TF-IDF: Vector representation of Text

November 29, 2017

TF-IDF is an abbreviation for Term Frequency-Inverse Document Frequency and is a very common algorithm to transform text into a meaningful representation of numbers. The technique is widely used to extract features across various NLP applications. This article would help you understand the importance of TF-IDF, and how to compute and apply the algorithm in your applications.

Vector representation of Text

To use a machine learning algorithm or a statistical technique on any form of text, it is prescribed to transform the text into some numeric or vector representation. This numeric representation should depict significant characteristics of the text. There are many such techniques, for example, occurrence, term-frequency, TF-IDF, word co-occurrence matrix, word2vec and GloVe.

Occurrence based vector representation

Since TF-IDF is an occurrence based numeric representation of text, let us understand the other primitive occurrence based techniques and how TF-IDF has evolved over them. One of the simplest ways to represent text in the form of numbers is how many times the word occurs in the entire corpus.

Term Frequency

We assume that higher values of a word would simply mean greater importance in the given text. This is true but what if the documents across our corpus are of different sizes? In that case, the bigger size documents would naturally have more occurrences of words than smaller documents. Therefore, a better representation would be to normalize the occurrence of the word with the size of the document and is called term-frequency.

Numerically, term frequency of a word is defined as follows:

tf(w) = doc.count(w)/total words in doc

Inverse Document Frequency

While computing term-frequency, each term is considered equally important and given a chance to participate in vector representation. But, there would be certain words which are so common across documents that they may contribute very little in deciding the meaning of it. Term frequency of such words for example ‘the’, ‘a’, ‘in’, ‘of’ etc might suppress the weights of more meaningful words. Therefore, to reduce this effect, the term frequency is discounted by a factor called inverse document frequency.

idf(w) = log(total number of documents/number of documents containing word w)

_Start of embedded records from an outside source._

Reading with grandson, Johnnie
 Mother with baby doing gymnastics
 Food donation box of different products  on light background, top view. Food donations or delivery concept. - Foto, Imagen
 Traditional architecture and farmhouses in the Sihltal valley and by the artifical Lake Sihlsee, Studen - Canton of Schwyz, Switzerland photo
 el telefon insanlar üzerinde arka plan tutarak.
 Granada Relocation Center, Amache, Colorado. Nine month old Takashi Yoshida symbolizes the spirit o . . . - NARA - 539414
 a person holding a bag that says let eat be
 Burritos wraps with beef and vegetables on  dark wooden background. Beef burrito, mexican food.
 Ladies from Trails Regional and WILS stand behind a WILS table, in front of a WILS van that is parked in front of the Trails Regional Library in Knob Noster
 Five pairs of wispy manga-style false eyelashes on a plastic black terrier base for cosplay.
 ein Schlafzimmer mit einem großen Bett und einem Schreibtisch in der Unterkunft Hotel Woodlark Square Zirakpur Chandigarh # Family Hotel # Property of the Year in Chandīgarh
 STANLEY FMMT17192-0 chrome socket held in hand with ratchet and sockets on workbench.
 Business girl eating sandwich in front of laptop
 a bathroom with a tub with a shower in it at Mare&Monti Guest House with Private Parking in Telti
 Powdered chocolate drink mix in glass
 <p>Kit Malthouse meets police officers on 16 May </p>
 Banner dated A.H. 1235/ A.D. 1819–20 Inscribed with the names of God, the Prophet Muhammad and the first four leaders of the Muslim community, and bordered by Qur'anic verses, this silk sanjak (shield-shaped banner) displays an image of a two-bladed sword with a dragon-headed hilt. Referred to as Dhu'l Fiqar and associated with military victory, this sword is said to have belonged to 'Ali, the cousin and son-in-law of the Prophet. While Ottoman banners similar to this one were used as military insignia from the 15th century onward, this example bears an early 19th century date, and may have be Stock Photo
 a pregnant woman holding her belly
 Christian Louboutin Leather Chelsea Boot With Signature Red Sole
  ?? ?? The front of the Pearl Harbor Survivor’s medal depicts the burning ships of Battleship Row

Term Frequency-Inverse Document Frequency

As a result, we have a vector representation which gives high value for a given term if that term occurs often in that particular document and very rarely anywhere else. If the term occurs in all the documents, idf computed would be 0. TF-IDF is the product of term-frequency and inverse document frequency.

Tf-idf(w) = tf(w)*idf(w)

The more important a word is in the document, it would get a higher tf-idf score and vice versa.

Illustration

Toy corpus and desired behavior

Let’s take an example of a corpus consisting of following 5 documents:

This car got the excellence award
Good car gives good mileage
This car is very expensive
This company is financially good
The company is growing with very high production

The first three documents talk about cars and the remaining two about a company. In the first category, though the car defines the context but significant meaning of each document comes from the attributes related to the car. Similarly, in the other category, the financial and production status of the company would be more useful features. The rest of the common words, however, are less meaningful and therefore should get a low score.

Code illustration

The following python code would build a TF-IDF model for the given corpus:

from sklearn.feature_extraction.text import TfidfVectorizer 
import operator
corpus=["this car got the excellence award",\
         "good car gives good mileage",\
         "this car is very expensive",\
         "the company is growing with very high production",\
         "this company is financially good"]
vocabulary = set()
for doc in corpus:
    vocabulary.update(doc.split())
vocabulary = list(vocabulary)
word_index = {w: idx for idx, w in enumerate(vocabulary)}
tfidf = TfidfVectorizer(vocabulary=vocabulary)
# Fit the TfIdf model
tfidf.fit(corpus)
tfidf.transform(corpus)
for doc in corpus:
    score={}
    print(doc)
    # Transform a document into TfIdf coordinates
    X = tfidf.transform([doc])
    for word in doc.split():
        score[word] = X[0, tfidf.vocabulary_[word]]
    sortedscore = sorted(score.items(), key=operator.itemgetter(1), reverse=True)
    print("\t", sortedscore)

We can see that the model learns to give lesser importance to words like is and this. Unfortunately, it also gives a low importance to important words like car and a fairly high importance to unwanted words like gives. With a larger corpus, these issues would be resolved when a lot more documents would have words like gives but not car.

Applications

There are many use cases where TF-IDF based representations help in empowering the NLP algorithms:

Document classification: TF-IDF forms a fundamental feature vector to train various classifiers such as LSI, SVM etc.
Topic Modeling: For auto tagging the documents, one way is to use TF-IDF directly where we train a model by computing the vector for each document and setting a threshold. Terms with scores above this threshold can participate in predicting the topics for new documents. Alternatively, TF-IDF features as an input to the algorithm such as LDA, LLDA etc. helps to obtain better accuracy and performance. We will learn all about these in the upcoming tutorials.
Information retrieval systems: TF-IDF complements text mining and search algorithms by assigning a score representing how important the word is in defining the meaning of the document. The search results would be better if these important words closely relate to the search query.
Stop word filtering: TF-IDF is also a highly useful tool to filter out less important common words and can remove the requirement to manually maintain an extensive list of stop words.

Summary

TF-IDF algorithm transforms text into a meaningful representation of numbers, which is widely used to extract features across various NLP applications.
Term frequency of a word is defined as the ratio of count of the word in the document to total number of words in the document. It measures how frequently a term (word) occurs in a document.
tf(w) = doc.count(w)/total words in doc
Inverse document term frequency measures how important a term (word) is.
idf(w) = log(total number of documents/number of documents containing word w)
TF-IDF is the product of term-frequency and inverse document frequency.
Tf-idf(w) = tf(w)*idf(w)
TF-IDF based representations help in empowering the NLP algorithms which have huge applications in today’s world.